I’m entirely convinced that this blog is badly treated by Google.

From Newsbusters:

Google Staff Reacts to Kavanaugh: ‘F—. YOU. ALL. TO. HELL.’

It’s hard to believe that people with political agendas are capable of building unbiased products. Google certainly faces that test.

After Brett Kavanaugh was confirmed to the Supreme Court on Saturday, October 6, several employees and executives at Google expressed their rage on Twitter. Design lead Dave Hogue tweeted, “You are finished, GOP. You polished the final nail for your own coffins. F[***]. YOU. ALL. TO. HELL. I hope the last images burned into your slimy, evil, treasonous retinas are millions of women laughing and clapping and celebrating as your souls descend into the flames.”

Later, Hogue deleted the tweet and posted, “Yes, those opinions are mine personally, and I am responsible for them.

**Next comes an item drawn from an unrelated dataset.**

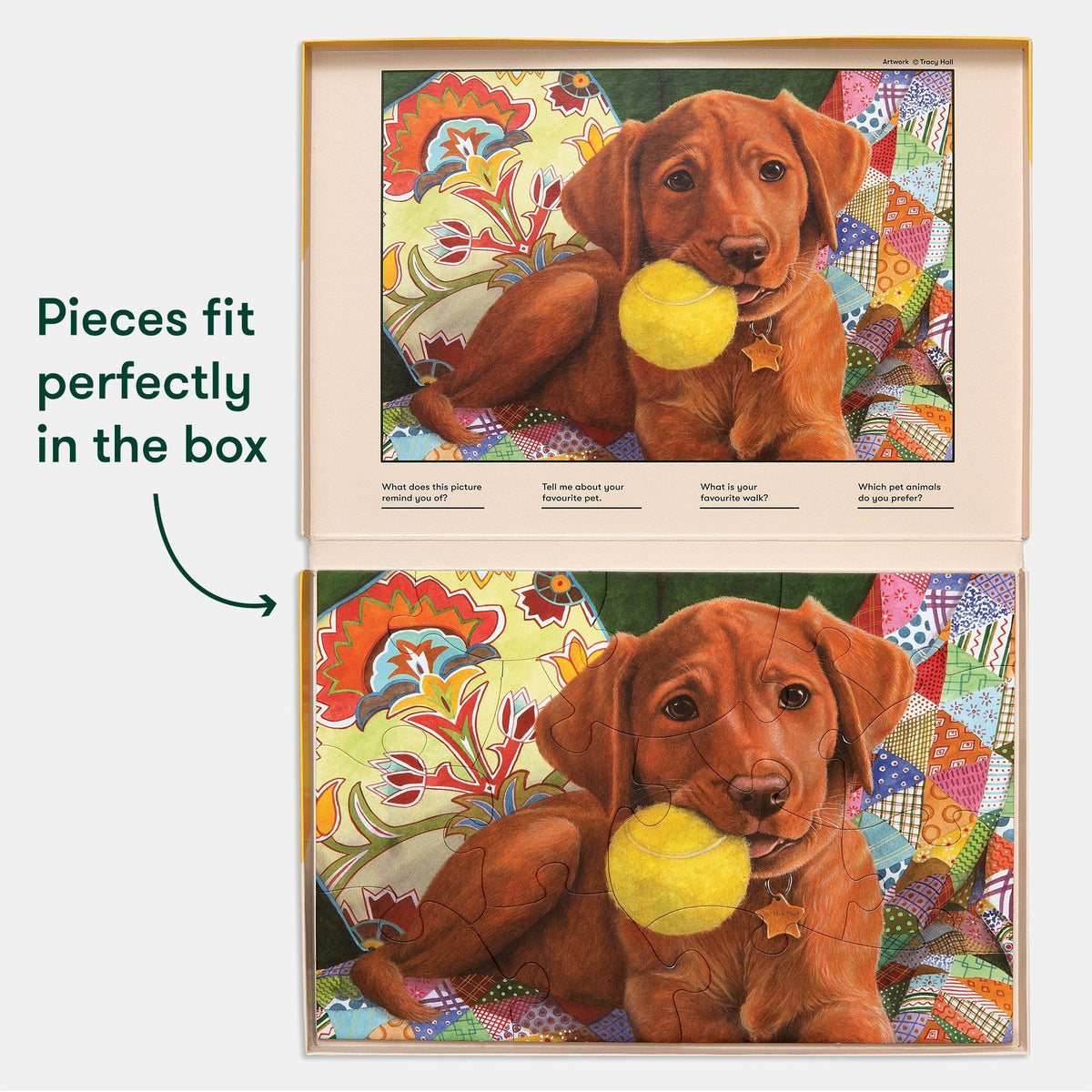 13-Piece Jigsaw Puzzle Puppy Playtime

Yes, I should have been more eloquent and less condemning. Yes, I still believe the @GOP is wrong and not serving your best interests. Yes, I still believe we can do much better.”

He wasn’t alone in his stance. Other Google employees had similar opinions. Google Ventures partner and product manager Ken Norton shared a tweet promoting a PAC to tell Senator Collins to vote no on Kavanaugh. He also tweeted, “Abolish the Senate.” Someone in charge of funding new technology projects wants to alter the branches of the government to suit his needs. That’s concerning.

Julia Ferraioli, an OpenSource Senior Developer Advocate at Google, responded to Senate Majority Leader Mitch McConnell’s quote, “These things always blow over.” She wrote, “We will prove you wrong,” and then later tweeted that while she had planned to go protest at the Capitol, she could not because of illness.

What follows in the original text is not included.